Meanwhile, Luton, England singer-songwriter Myles Smith grabs a career-best with “Stargazing” (RCA), up 7-6.

As Taylor Swift’s The Eras Tour cruises into the U.K., the U.S. pop music superstar’s music — predictably — climbs the U.K. charts. On the singles tally, former leader “Fortnight” featuring Post Malone is up 11-10, “Cruel Summer” lifts 17-14 and “I Can Do It With A Broken Heart” (all via EMI) improves 19-18.

The TayTay effect extends to Benson Boone, Swift’s support act at her Wembley Stadium dates. Boone enjoys gains for his singles “Slow It Down” up (18-15 via Warner Records) and former No. 1 “Beautiful Things” (up 21-19).

Finally, as the ball rolls on the UEFA European Football Championship, one evergreen hit makes its move: Baddiel, Skinner & Lightning Seeds’ 1996 anthem “Three Lions (Football’s Coming Home)” (via Epic). The chant-ready song is back in the top 40, at No. 32. “Three Lions” typically returns to the chart when England competes in major international tournaments. The single topped the chart for two separate one-week runs in 1996 to coincide with that year’s European Championship tournament, then a 1998 update for the World Cup reigned for three weeks. Powered by England’s run to the World Cup semi-finals, “Three Lions” returned to No. 1 in 2018.

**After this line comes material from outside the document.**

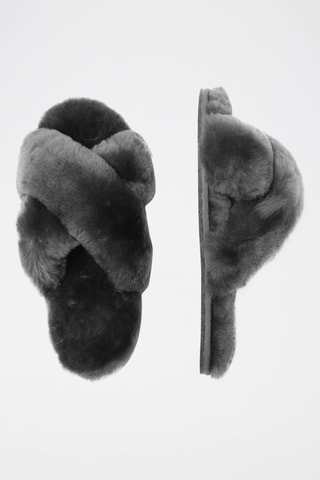 Pantoufles fourrées en fourrure de mouton Dove  - Gris
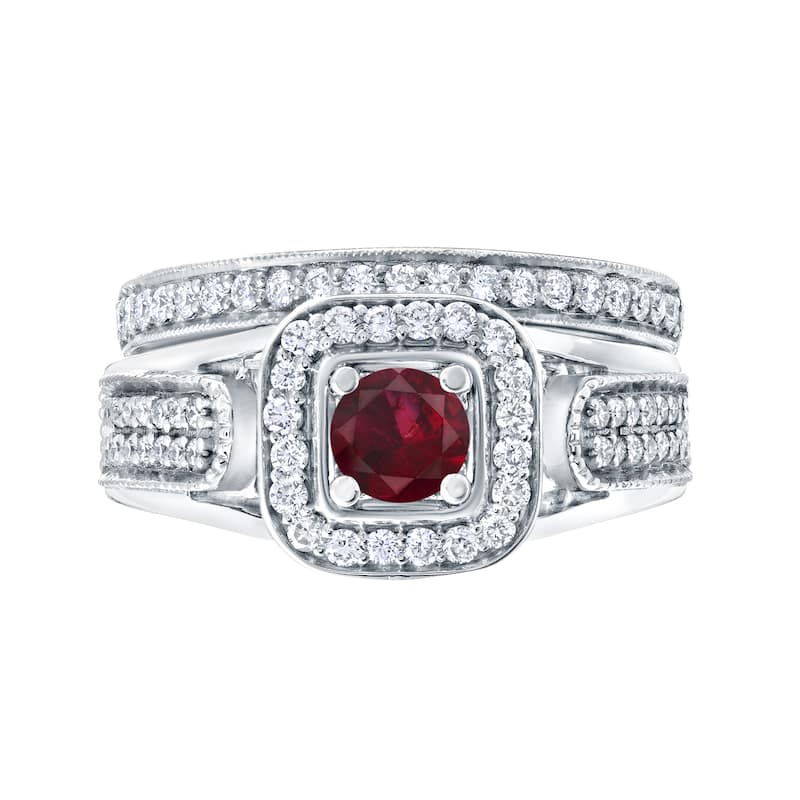 14k Gold 1/6ct Ruby and 1/2ct TDW Halo Diamond Engagement Ring Set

Forget the summer of Sabrina Carpenter. The U.S. pop star is also warming-up Australia’s chart through the southern winter.
Carpenter scores her second leader in less than two months as “Please Please Please” (Island/Universal) lifts 4-1 on the ARIA Singles Chart, for its first stint at the top.

Her first leader, the platinum-certified “Espresso,” holds at No. 2 on the Australian chart, published Friday, June 21, giving Carpenter a rare 1-2. “Espresso” topped the national tally for a week in May.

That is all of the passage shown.